§ **Task prompt**: Copy every line of the data below exactly as given, except for the pictures.

§ **Data extract**:
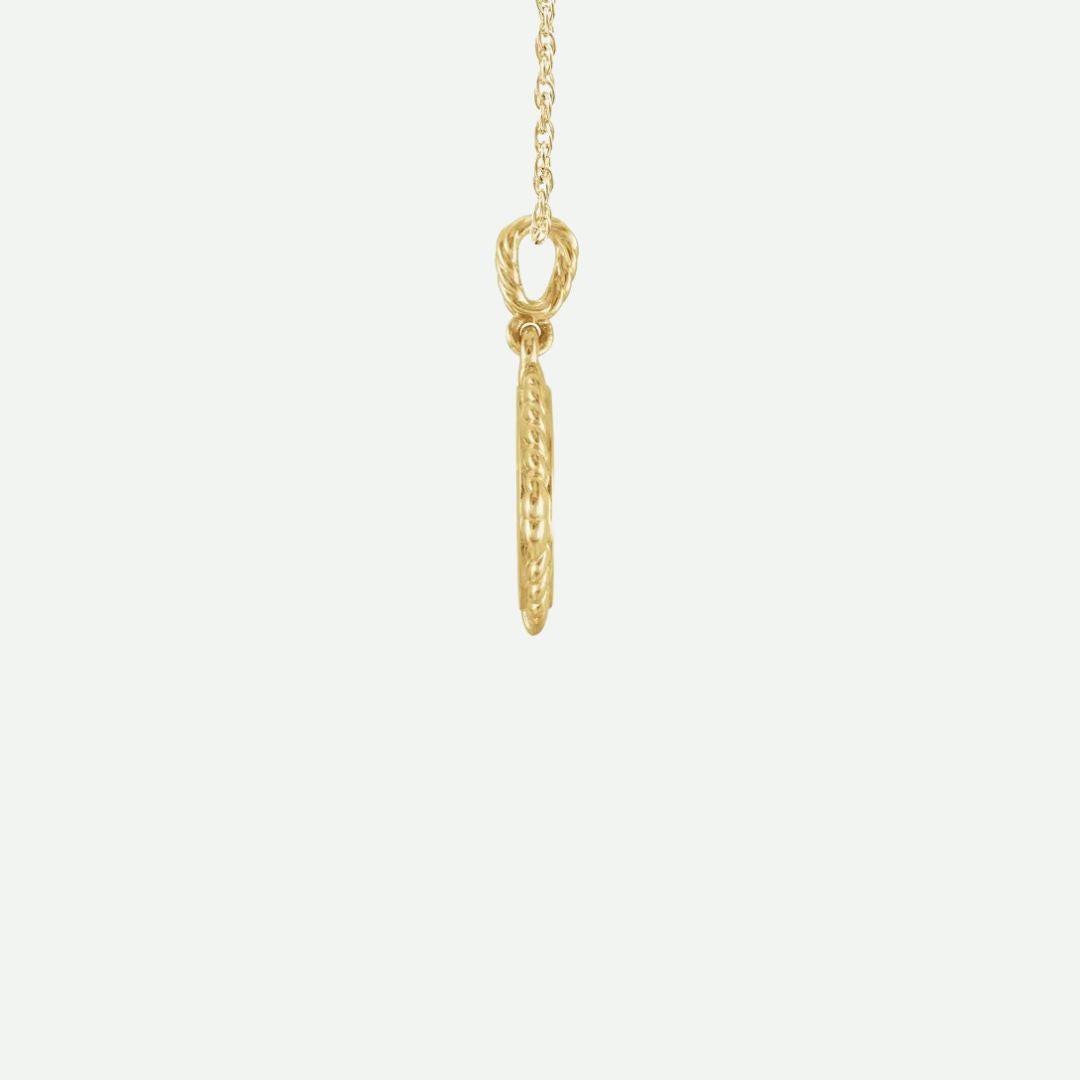 Side View of Yellow Gold DÉLIVRÉE Christian Necklace For Women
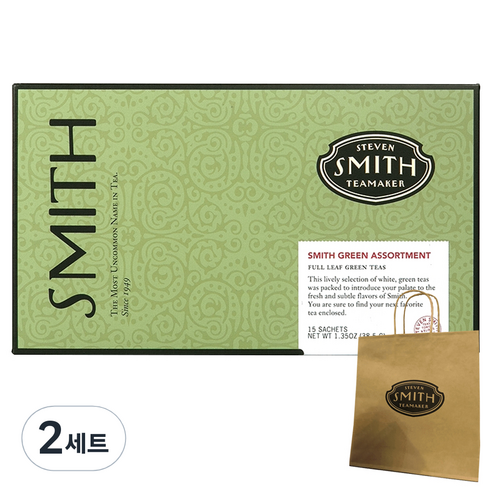 스티븐스미스티메이커 스미스 시그니처 티 15p 세트 + 쇼핑백, 로즈시티 겐마이차 2.4g x 5p + 자스민 실버팁 2.5g x 5p + 마오 펭 수이 2.5g x 5p, 2세트
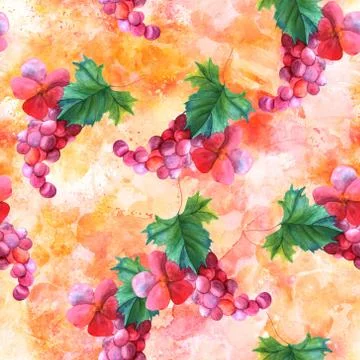 Seamless pattern with watercolor grape vine and rose Stock Illustration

§ **Completed exercise**:
 Side View of Yellow Gold DÉLIVRÉE Christian Necklace For Women
 스티븐스미스티메이커 스미스 시그니처 티 15p 세트 + 쇼핑백, 로즈시티 겐마이차 2.4g x 5p + 자스민 실버팁 2.5g x 5p + 마오 펭 수이 2.5g x 5p, 2세트
 Seamless pattern with watercolor grape vine and rose Stock Illustration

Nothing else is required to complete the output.